Domenico di Michelino (Firenze, 1417- 1491),
La Divina Commedia illumina Firenze, 1465
Perché ogni volta che mi accingo a presentare il libro Addio mia bella addio…La storia del Risorgimento tra parole, immagini e musica, una forte commozione mi prende e devo fare forza su me stessa e premere le unghie nel palmo della mano, per trattenere questa emozione che mi assale sempre più forte e che non sempre riesco a contenere?. La risposta è insita nell’operato. Perché tra immagini, parole e letture, le nostre radici riaffiorano in modo pregnante e rimbomba l’eco della storia. Perché il richiamo alla nostra appartenenza rinverdisce quel sentimento patrio, a torto e da molti creduto sopito. Perché ripercorrendo la storia del Risorgimento si rende visibile il sacrificio di quanti ne hanno segnato il percorso verso l’Unità, fermi nel proprio Credo.

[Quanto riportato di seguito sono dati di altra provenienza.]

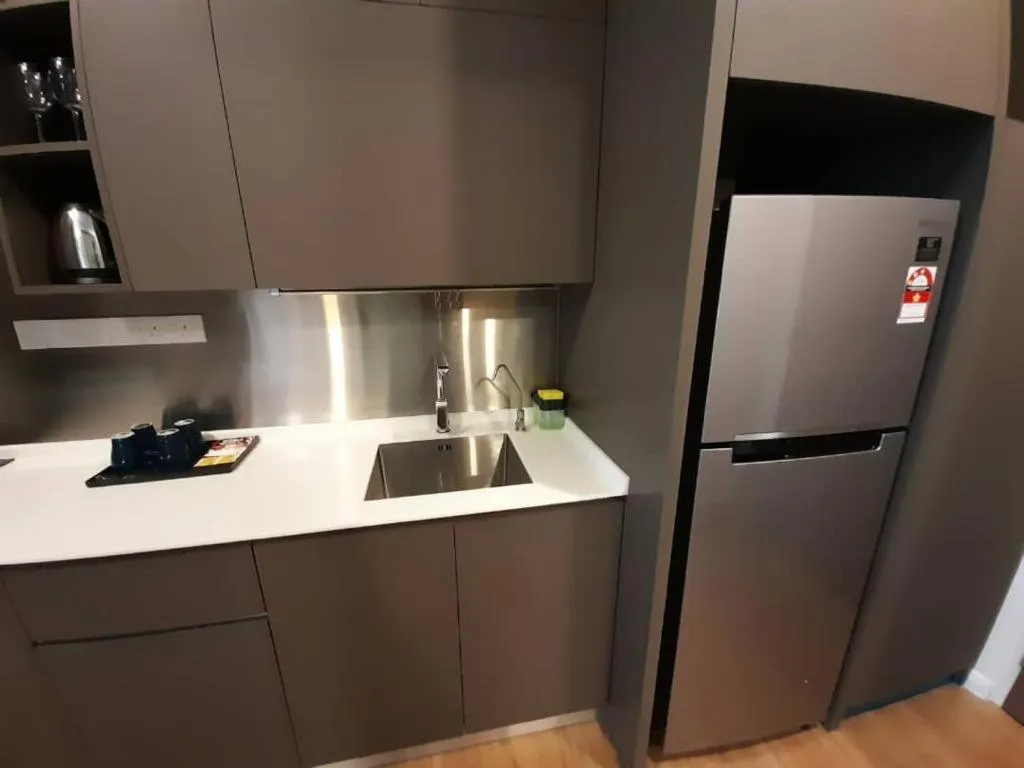 Kitchen or kitchenette in Ceylonz Suite By ANA MALAYSIA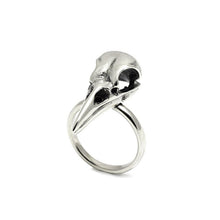 Cargar imagen en el visor de la galería, ANILLO CRANEO CUERVO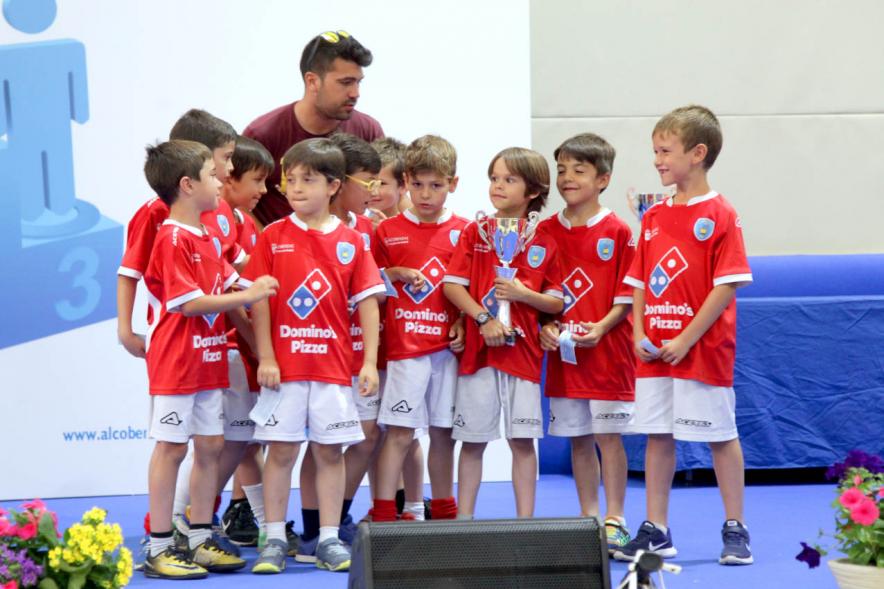 Entrega de Trofeos de Competiciones Locales 2017-18 - Posado de un equipo infantil con su entrenador.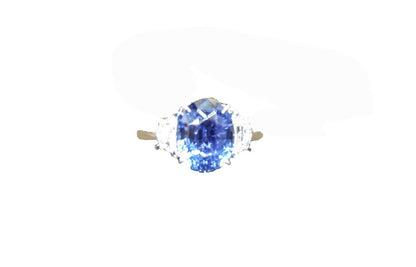 SAPPHIRE OVAL SHAPE DIAMOND HALFMOON STEP CUT SET RING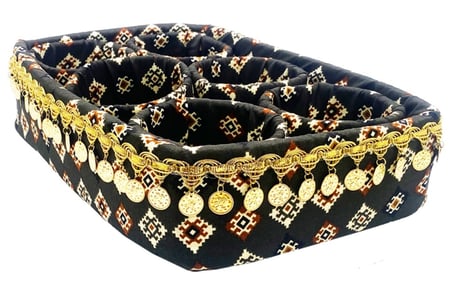 صينة تقديم مع عدد6 صحون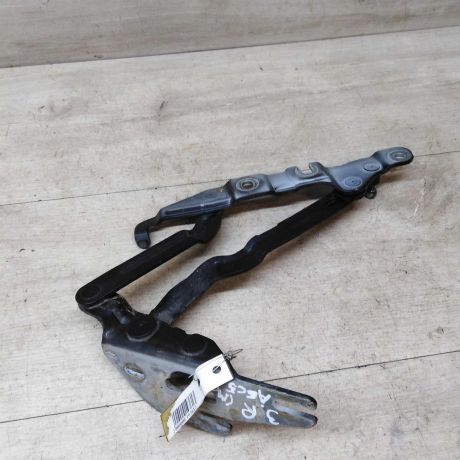 petlia-bagaznika-pravaia-sedan-audi-a6-c5-do-rest-art-43916-big-2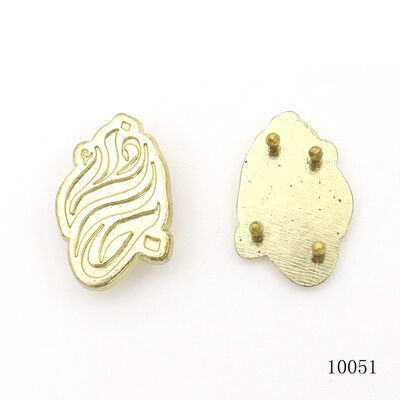 Custom Gold Metal Logo Plate With 4 Pins, Small Embossed Metal Shoe Tags, Zinc Alloy Sandals Hardware Badge For Footwear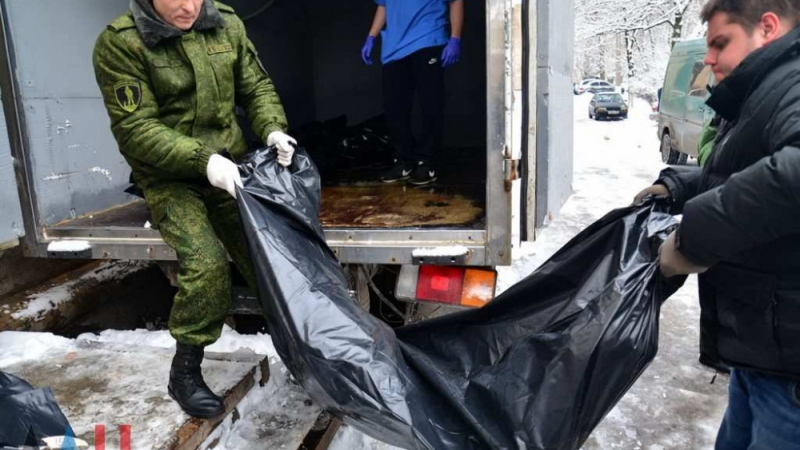 Съдбата на окупаторите: ДНР предала на Киев в найлонови чували телата на тримата войници, убити от мина  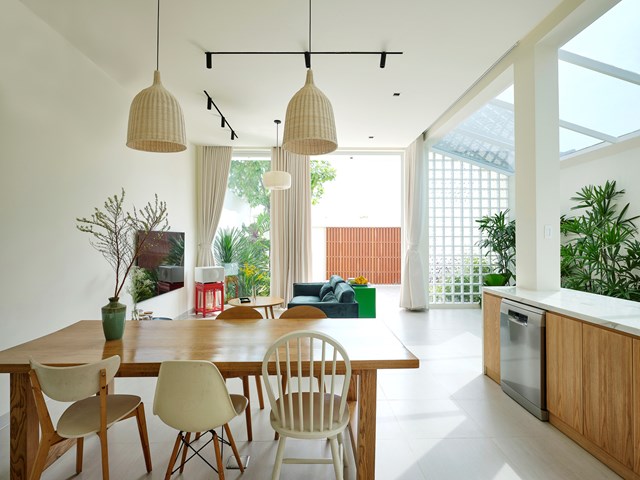 Cửa ch&iacute;nh l&agrave; cửa k&iacute;nh s&aacute;t trần gi&uacute;p kh&ocirc;ng gian mở c&oacute; tầm nh&igrave;n to&agrave;n cảnh ra khu vườn xanh tươi ph&iacute;a s&acirc;n trước.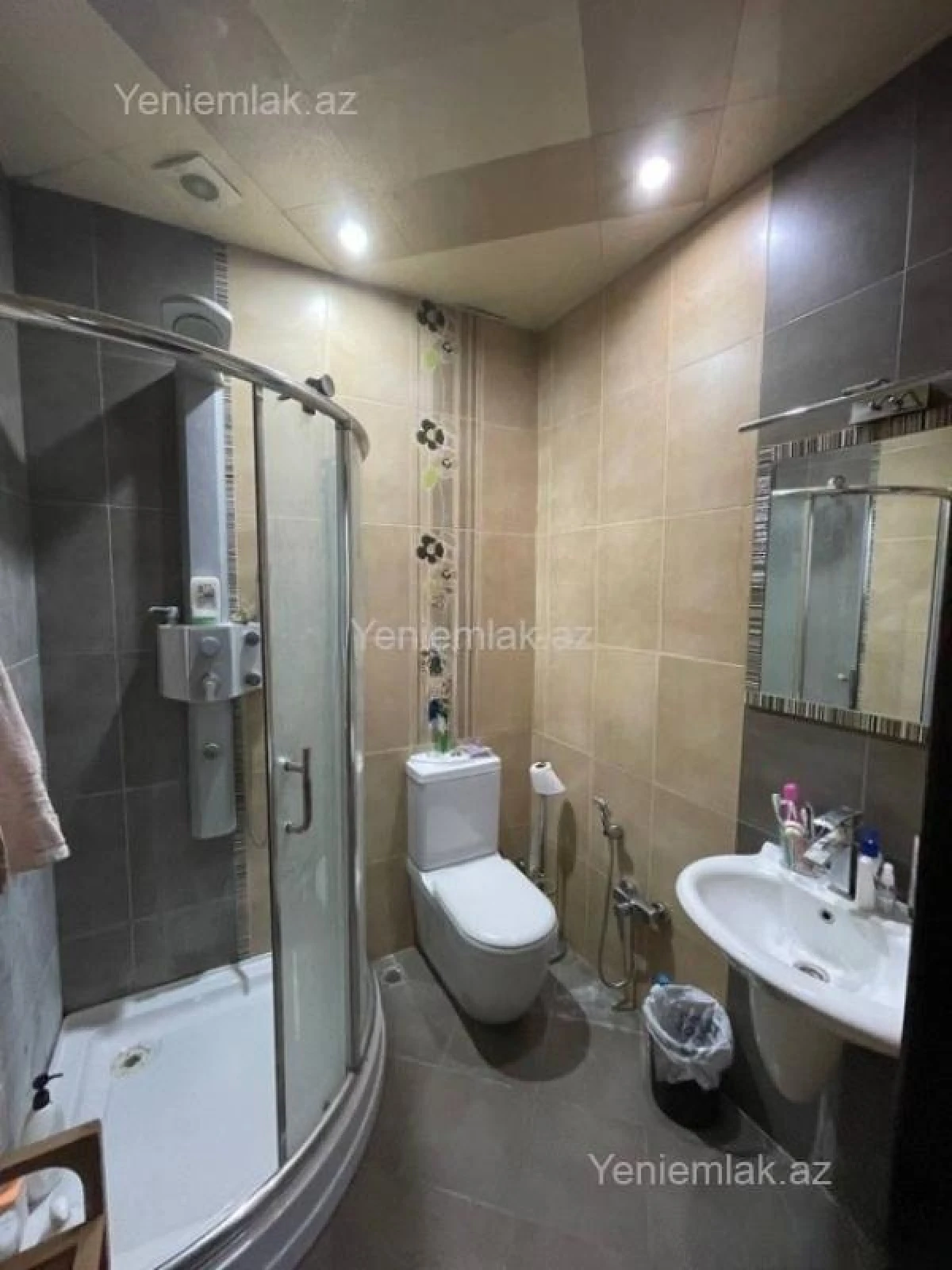 Satılır 3 otaqlı yeni tikili 140 m²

Perchè la lettura dei nostri padri, di Mazzini in particolare e del suo fermo proposito arriva al cuore.
È il sacrificio di tanti giovani che mi fa brillare gli occhi in modo irrefrenabile a fronte di tanti giovani che mi ascoltano: Goffredo Mameli, Jacopo Ruffini, i Fratelli Bandiera e tanti poeti, musicisti e pittori.
È la consapevolezza tangibile che malgrado le forti distorsioni e le incongruenze del presente, sono vivi nei giovani valori e verità.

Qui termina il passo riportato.